## [Your assignment]
Could you output each line below exactly as it appears, excluding any pictures?

## [Data excerpt]
════════
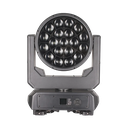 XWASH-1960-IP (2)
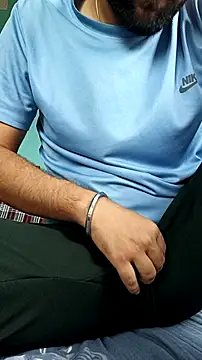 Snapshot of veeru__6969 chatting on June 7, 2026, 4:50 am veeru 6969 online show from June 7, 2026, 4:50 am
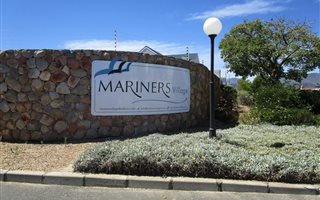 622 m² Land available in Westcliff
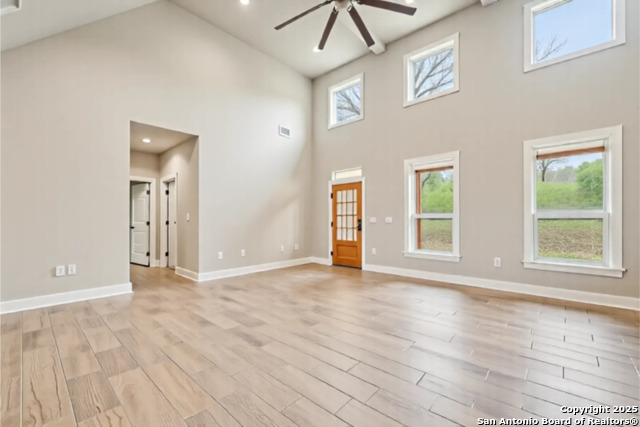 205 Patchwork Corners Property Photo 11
════════
## [Solution for this problem]
 XWASH-1960-IP (2)
 Snapshot of veeru__6969 chatting on June 7, 2026, 4:50 am veeru 6969 online show from June 7, 2026, 4:50 am
 622 m² Land available in Westcliff
 205 Patchwork Corners Property Photo 11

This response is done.